Preparing For Freeze Dried Food
When talking about freeze dried food, we think about how it is manufactured, what are the foods that can be freeze dried, and how long does freeze dried food last. For those who made the decision of having freeze dried foods as part of their emergency supply or even for daily consumption, like storing other types of emergency food, inflatable tents having freeze dried food also need some planning. Below are some information one can note while preparing to have freeze dried food.
Purchasing Freeze Dried Food
There are many options to consider when purchasing freeze dried food. First, one has to assess ones current needs. Would the majority of the emergency food be freeze dried food? Would there be more variety (other preserved food types) in the emergency food storage? How much would be the weekly, monthly or one-time budget for freeze dried food? What is the purpose of purchasing freeze dried food – is it for outdoor activities or is it food for storage?
When assessing for one’s emergency and survival needs, one must first take note how many people are in the household that they would have to prepare meals for in case of an emergency. After that, for how long should the emergency food last? This may come before or after determining the budget. Also, take note of the special needs of the members of the family (allergies and special diet for elderly and infants).

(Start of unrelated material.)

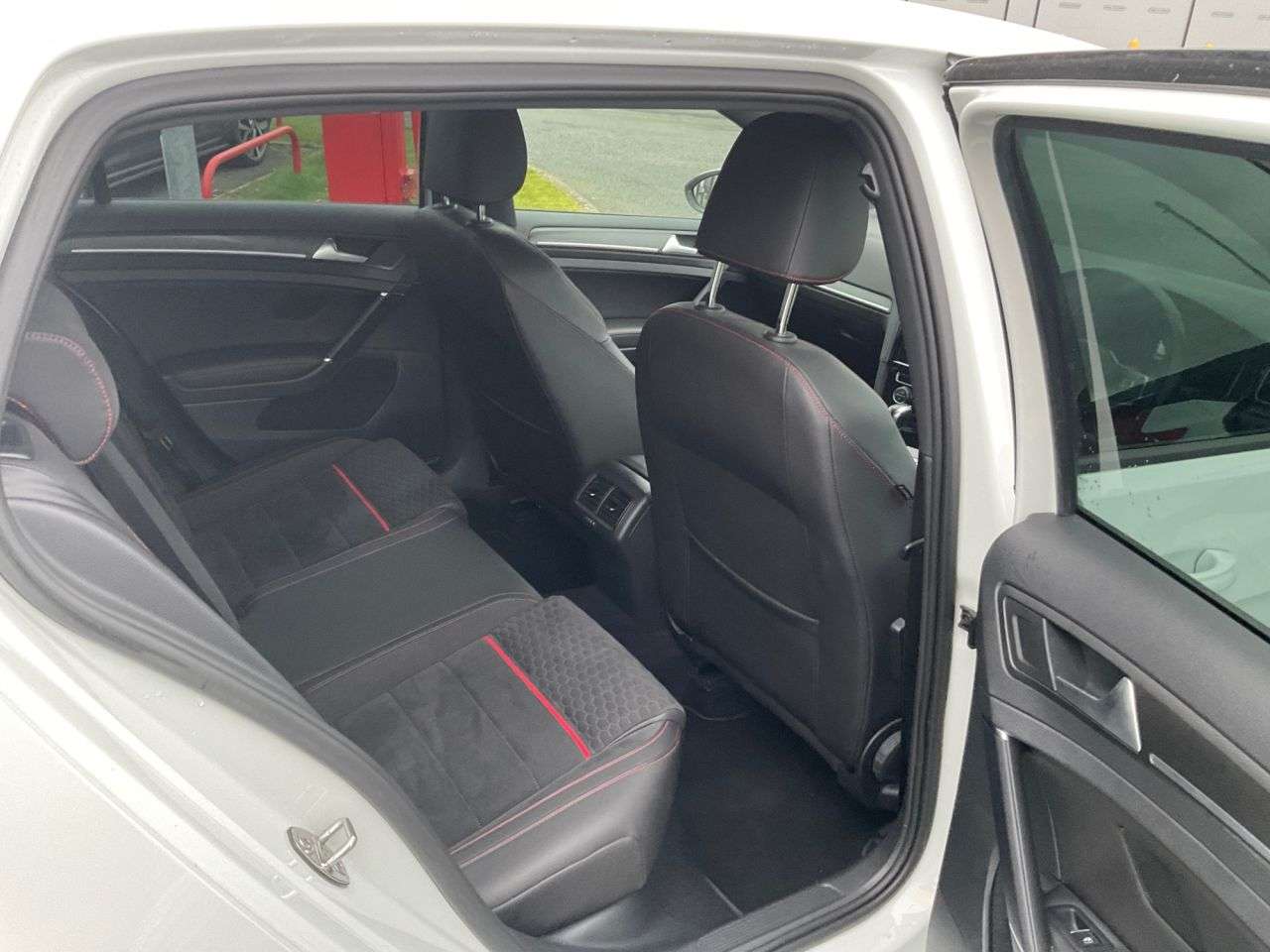 2018 VOLKSWAGEN GOLF 2018 VOLKSWAGEN GOLF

For variety, while it is recommended that one have a mix of different food items such as canned foods, grains, or dehydrated foods, the one good characteristic of the freeze dried food is that almost anything can be freeze dried. This could be seen in the variety of dishes/meals that are freeze dried and sold commercially.

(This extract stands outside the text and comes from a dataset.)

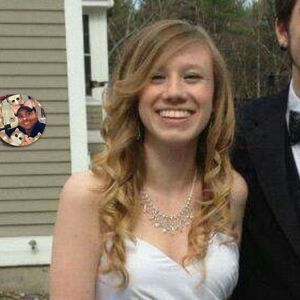 Meet your Posher, Elise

When considering budget, freeze dried food can be considered a food investment as it doesn’t come cheap (due to the processes done to ensure its quality). It would be a good option to include several packs or tin cans in the weekly grocery budget if the option to purchase in bulk is not available or applicable.
There is also the need to know what the purpose of purchasing freeze dried food is – would one be taking it for camping or will it be needed to supply food for emergency? Pouches – with a guaranteed 7-year shelf life – are portable and lightweight and can be included in a camping pack. Freeze dried food in #10 tin cans are considered for home storage as they present a guaranteed 25 year shelf life and also has multiple servings (pouches usually have one to three servings per pack).
Storing Freeze Dried Food
When freeze dried food is purchased, one has to consider where to store it. An ideal place to store freeze dried food would be somewhere cool, dry and dark, as warm temperatures can shorten its shelf life. For those with large spaces, a pantry or a basement would be an ideal location. Maintaining a refrigerator full of freeze dried food can certainly help in extending its shelf life but for some it may no longer be practical.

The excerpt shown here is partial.